> How I would do it.
> 1) Grab content from within tags using regex
> 2) Replace " - " with tabs
> 3) select Everything and paste into Excel or any other spreadsheet
> processor.
> The tabs will ensure that it gets into two columns.
> 4) In the third column, drag down the countIF furmula checking whether
> text in the neighbouring column is present in law firms list. If
> formula produces "1" or more, swap contents of name&surname cell and
> company name cell.
Here is the regex and the excel file that illustrate my approach.

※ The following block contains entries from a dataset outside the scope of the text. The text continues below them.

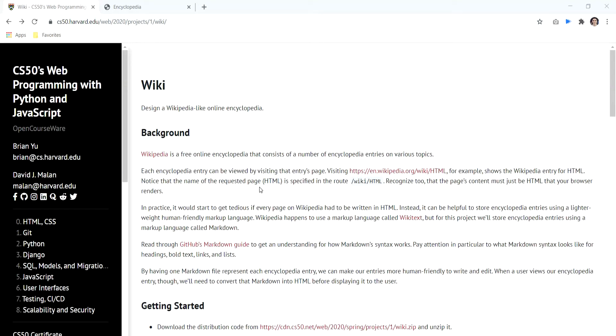Hello everyone, my name is Egidio, and welcome to our overview about Project 1, the wiki, from Harvard's course CS50's Web Programming with Python and JavaScript.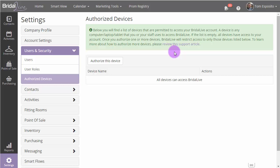Some stores like to restrict access to just the computers in the store and maybe the owner's iPad or the owner's laptop, and to do that, you would need to use the Authorized Devices feature.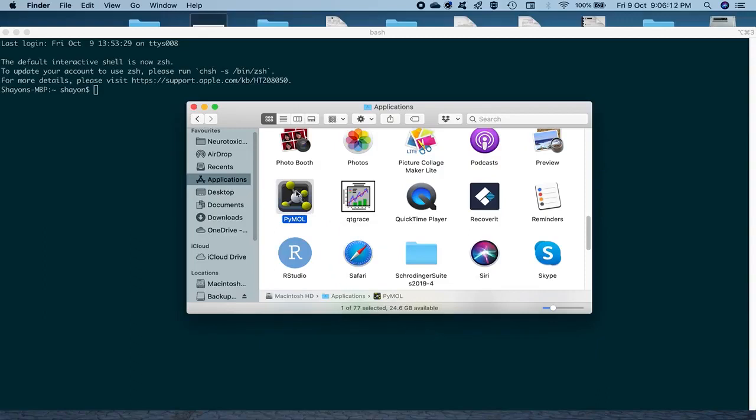So first of all, you click on the icon of PyMOL that you might have on your desktop as a shortcut in Windows. So we click it twice.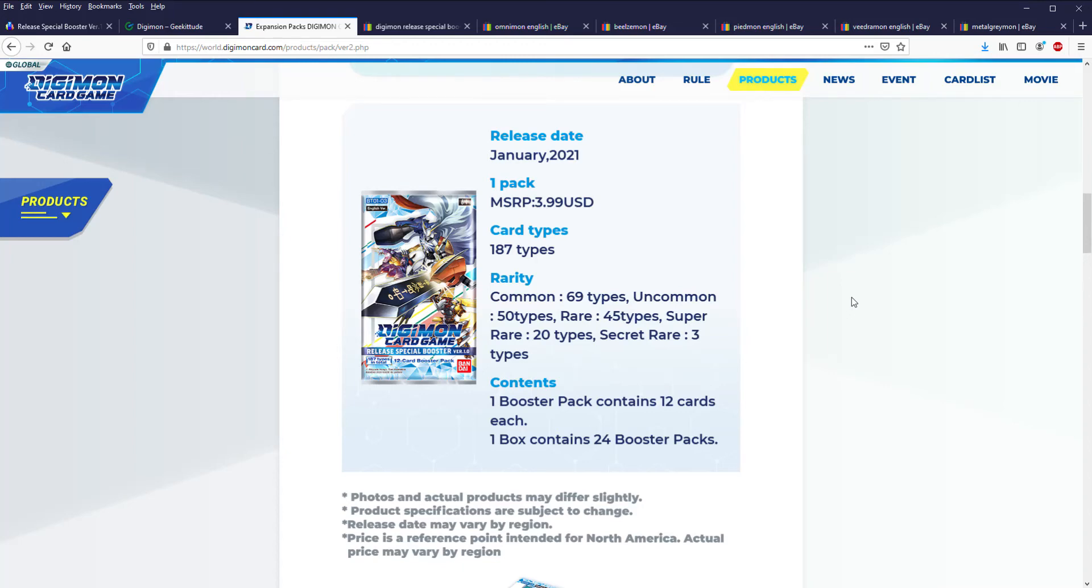What's up YouTube, this is Nick from Everything Card Games. Today I wanted to take some time to talk about some stuff I've noticed with the Digimon card game as far as product and singles, some of my concerns going forward, and whether you should buy stuff now or wait and see.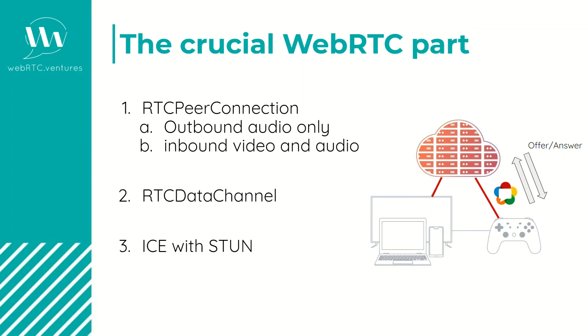And then we also use the data channel in this case not for sending media but for control or commands when we press buttons. Basically that will be going up and down from one side to another, so in this image at the right it will be from the remote or the controller to the cloud.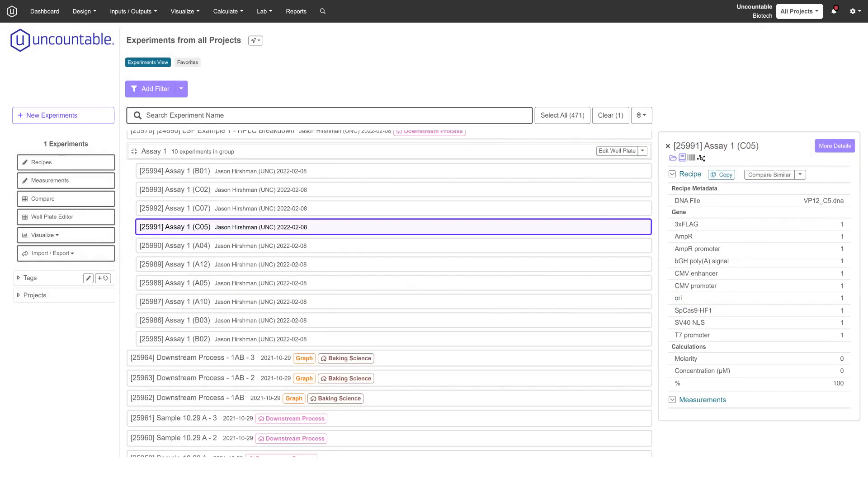All of this functionality is available within Uncountable's platform where it integrates with the visualization and sample tracking tools. Scientists can create an unlimited number of well plates and there is no limit on data storage volume.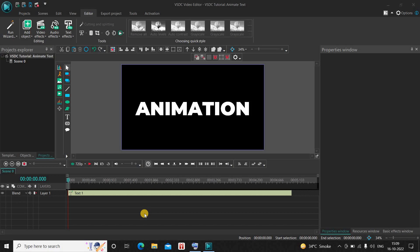Hey guys, welcome back to Next-Gen Blog. In this video I want to show you how you can animate text in VSDC free video editor. It's actually super easy to animate text in VSDC, so without further delay let's get started and see how you can do this. To demonstrate this, I've already written some text on top of the screen.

The regex (in free spacing mode and in "dot matches newlines" mode)
<title>
((?:(?!</title>)(?! - ).)*?) #column 1
(\x20-\x20(?:(?!</title>)(?! - ).)*?) #column2
(\x20-\x20(?:(?!</title>)(?! - ).)*?)? #column3 (optional)
</title>
As the next step, I apply this S&R operation to each line that the
above regex produces.
I search for (\r\n| - |, ) and replace with a space.
Note1: I assume that " - " can not occur in a layer name or in company name
Note2. I assume that any comma is to be deleted.
So I get 3 columns (based on the example given; tabs invisible, sorry)
Gregg M Galardi Skadden Arps
John M. Simpson Partner The International Law Firm of Fulbright & Jaworski
Sidley Austin LLP Our People Todd Wagner
With this I do some Microsoft Excel manipulation which are shown in
the attachment.
They bring us to the desired result.